Fr Peter would tell many stories about his time in Rome with St Josemaría and other early members of the Work from numerous countries. He would stress especially the affection and big heart of the founder and how much he, and all his young colleagues, felt loved by the saint. He had many funny stories to tell, including how much St Josemaría enjoyed him singing a popular song of the time, Perry Como’s 1956 hit Hot diggity. He was also in Rome for the death of Pope Pius XII and the election of Pope John XXIII.

Concluding his studies with a doctorate in Philosophy at the Lateran University, Fr Peter was ordained as a priest of Opus Dei in Madrid on 5 August 1962 and returned to Britain where he spent most of his priestly life in Manchester, apart from a number of years in London working in Opus Dei’s Regional Council for Great Britain, principally to support the organisation’s women members.

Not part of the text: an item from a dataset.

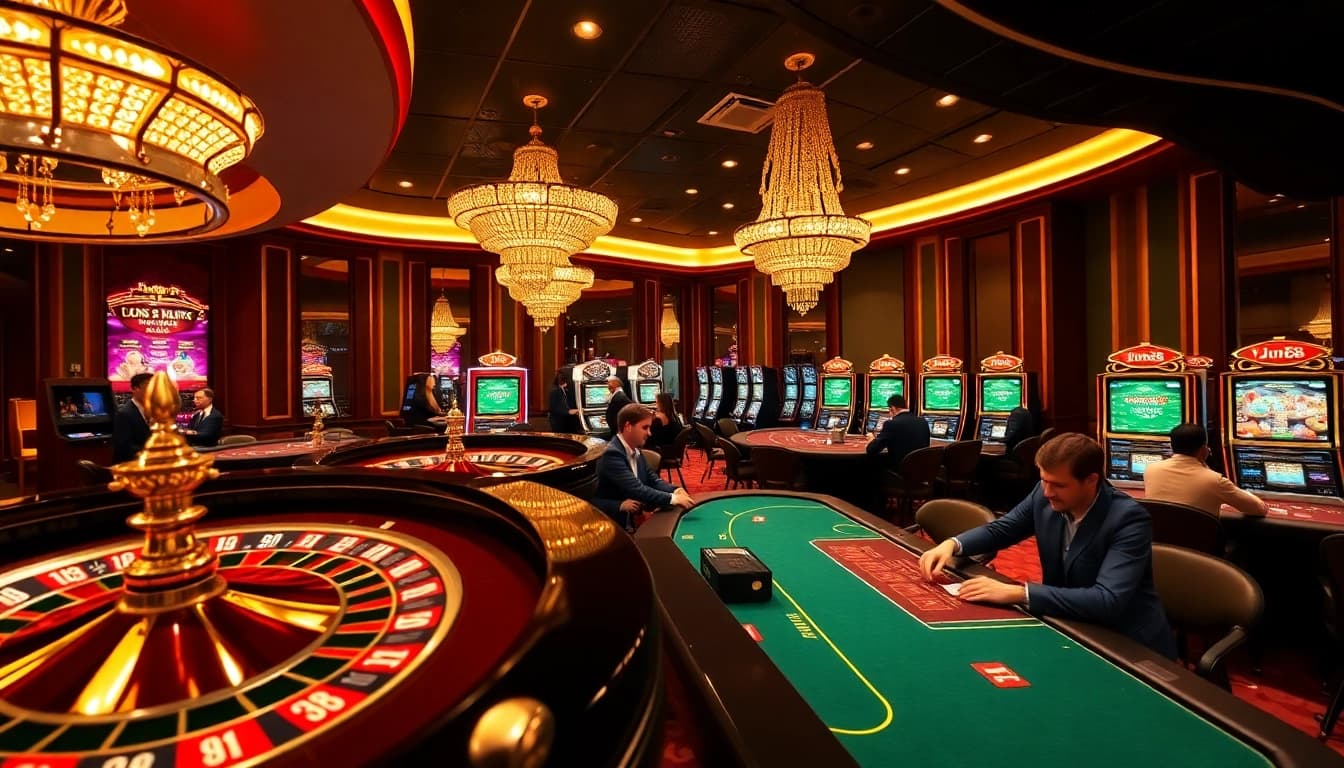 Experience the excitement of Jun88 with interactive roulette tables and vibrant slot machines.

Throughout his priestly life he attended generously to the spiritual needs of Opus Dei’s lay faithful and those involved in their apostolates, as well as his ministry to priests and his work for Salford diocese. He dedicated many hours to preaching, teaching Catholic doctrine, hearing confessions and giving spiritual direction to both men and women. He loved to preach and did so in his unique manner with depth, wit and great faith, mixing solid Catholic doctrine, the spirit of Opus Dei, stories about St Josemaría, the wisdom of the saints, and amusing anecdotes about his life – or golf!

He had taken up golf which he enjoyed greatly and was very good at, playing it weekly with priest friends. In one of these games he had a major heart attack in the 1990s which almost killed him. But he came through and always saw his future years of life as a gift from God. His health continued to decline, with his lungs, legs, heart and voice all failing to various degrees, and he received the sacrament of the Anointing of the Sick over a dozen times. But he had great faith in the sacrament and felt each time that it gave him a new lease of life. He was very aware of the closeness of death and spoke about it with humour but also seeming to look forward to it. His mind and spirit remained razor-sharp until his very last day.

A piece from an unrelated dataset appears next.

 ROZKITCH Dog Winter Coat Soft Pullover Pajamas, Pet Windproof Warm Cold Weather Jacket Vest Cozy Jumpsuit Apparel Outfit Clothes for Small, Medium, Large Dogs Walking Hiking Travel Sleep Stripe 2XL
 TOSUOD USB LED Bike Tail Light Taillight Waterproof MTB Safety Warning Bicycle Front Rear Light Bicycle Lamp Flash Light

He was particularly devoted to taking care of some of the elder Opus Dei members in his house and many people have very fond memories of the affection and attention he lavished on Ron, a lay member with whom Fr Peter had lived for years and who in his latter years had serious dementia. At the end of his life, and after Ron’s death, Fr Peter turned his attention to John, a bedbound Opus Dei member now in a care-home. Fr Peter would take him Communion a few times a week, even though he needed to be taken as he himself was very unsteady on his feet and needed a walking frame to support himself. As much as his physical limitations allowed, Fr Peter was always willing to help and even, with his Yorkshire character, determined to do so.

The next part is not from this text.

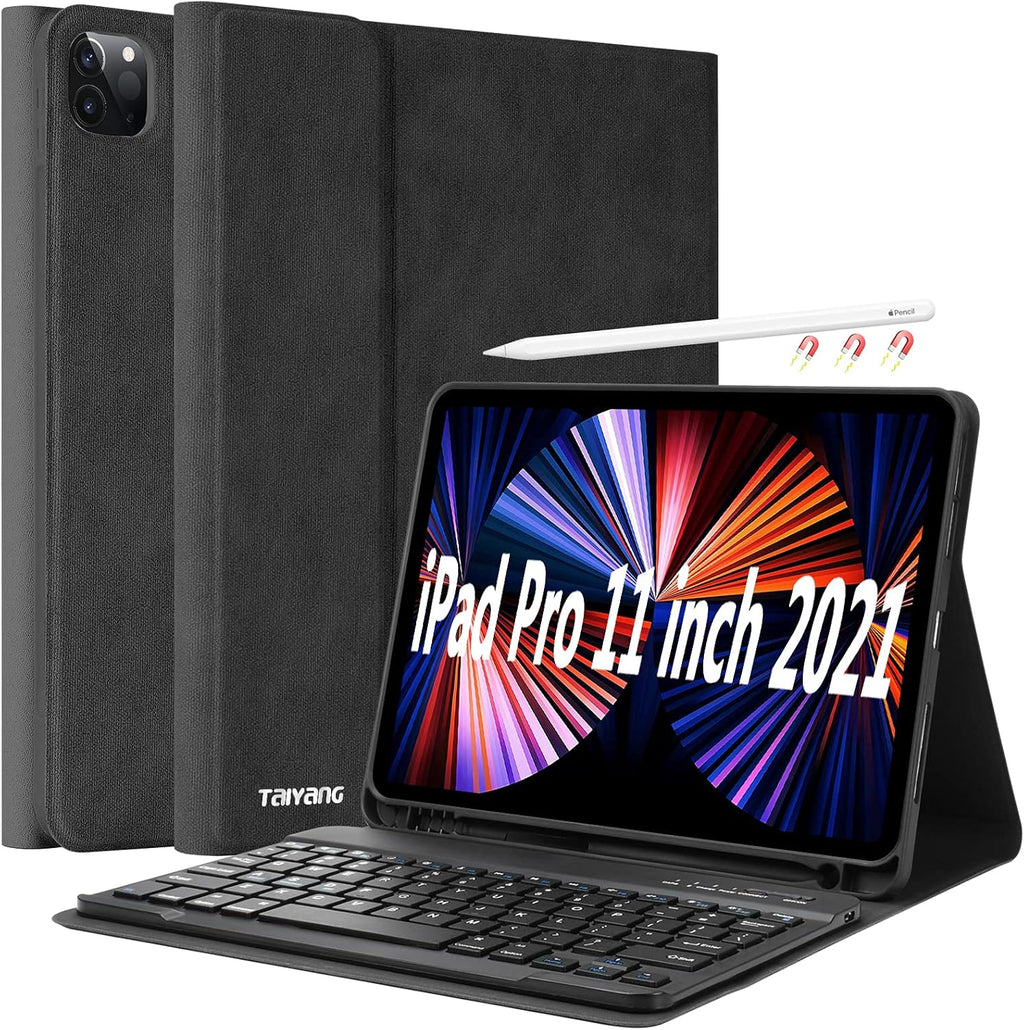 iPad Pro 11 Case with Keyboard, Built-in Pencil Holder Detachable Wireless Keyboard E341046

He remained highly active to the end, despite his poor health. He wrote and published a number of collections of his spiritual insights and right up to his last day he recorded a weekly half-hour meditation full of wisdom to help people pray. On his very last day, Thursday 13th April 2023, he had just recorded a meditation on Divine Mercy (in preparation for the feast coming up on Sunday) before going down to lunch. While at lunch he talked of his plan to go to give Communion to John that afternoon. And minutes later, he fell from his chair with a massive heart-attack, without regaining consciousness and dying within a couple of hours, though not before he had received his final Anointing of the Sick. Preaching about divine mercy in the morning, intending to be its channel in the afternoon – as someone commented, truly ‘he died with his boots on’.